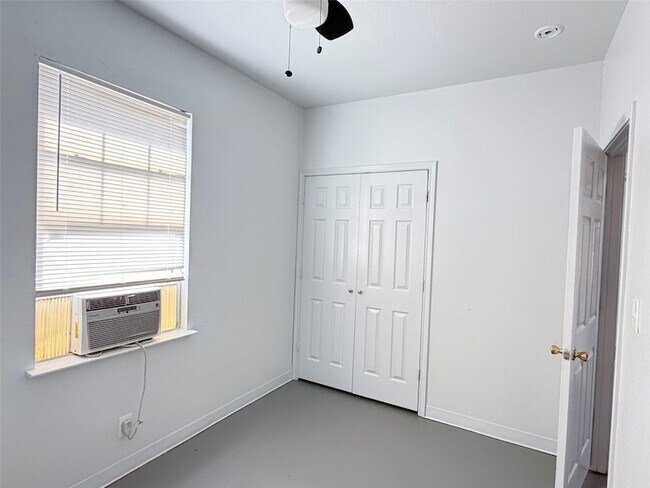 Building Photo - 251 Zimmerman Ave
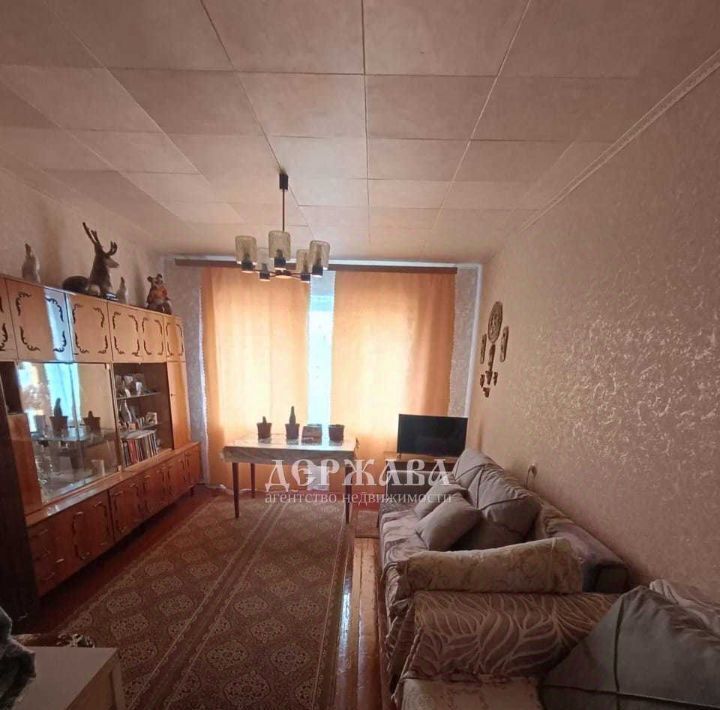 комната г Старый Оскол микрорайон Жукова 41 фото 1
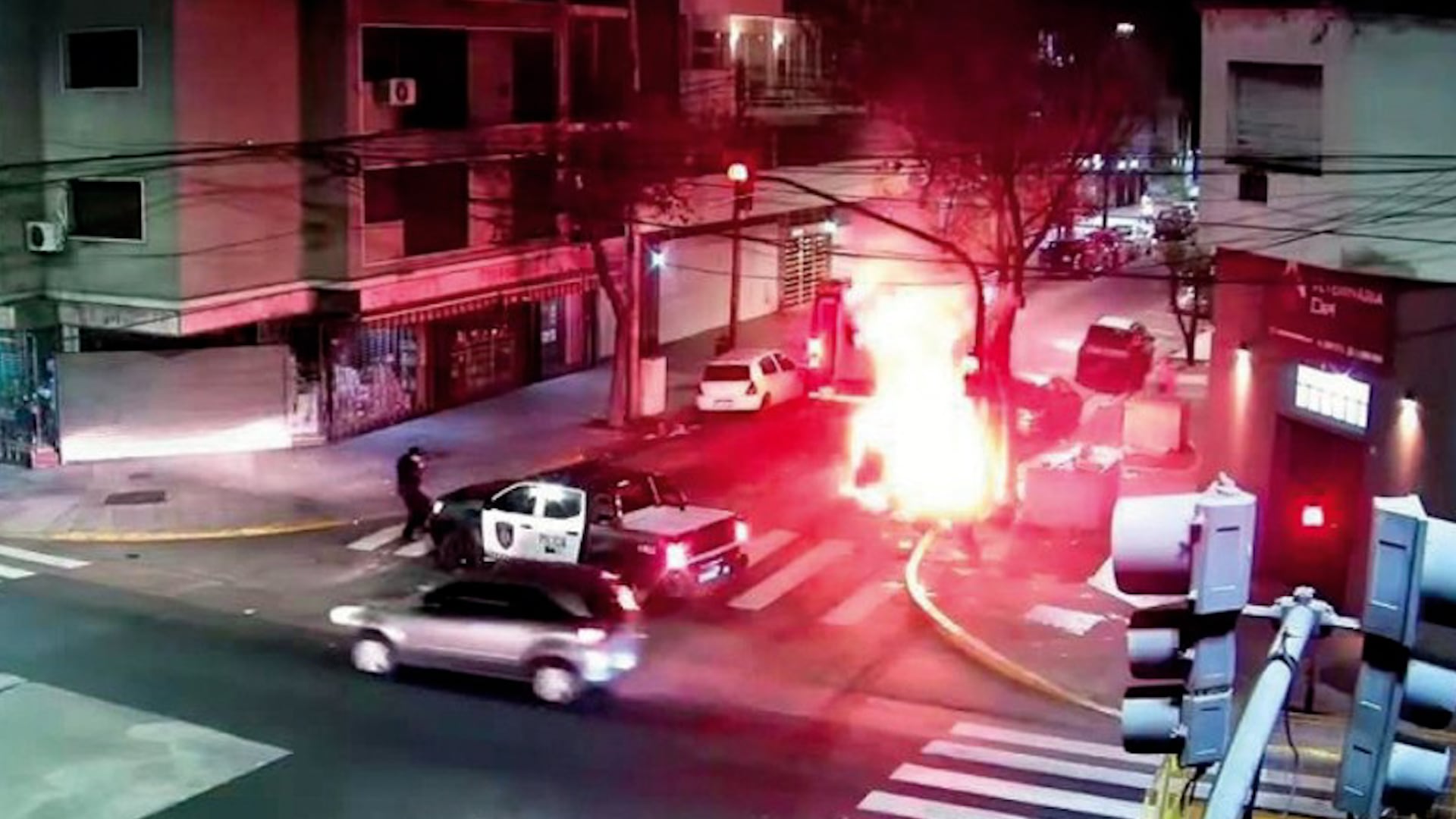 El contenedor prendido fuego, en pleno Parque Chacabuco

▶ _WORK TASK_: Output a faithful copy of the data, with each picture left out.

▶ _REPLY TO THE EXERCISE_:
 Building Photo - 251 Zimmerman Ave
 комната г Старый Оскол микрорайон Жукова 41 фото 1
 El contenedor prendido fuego, en pleno Parque Chacabuco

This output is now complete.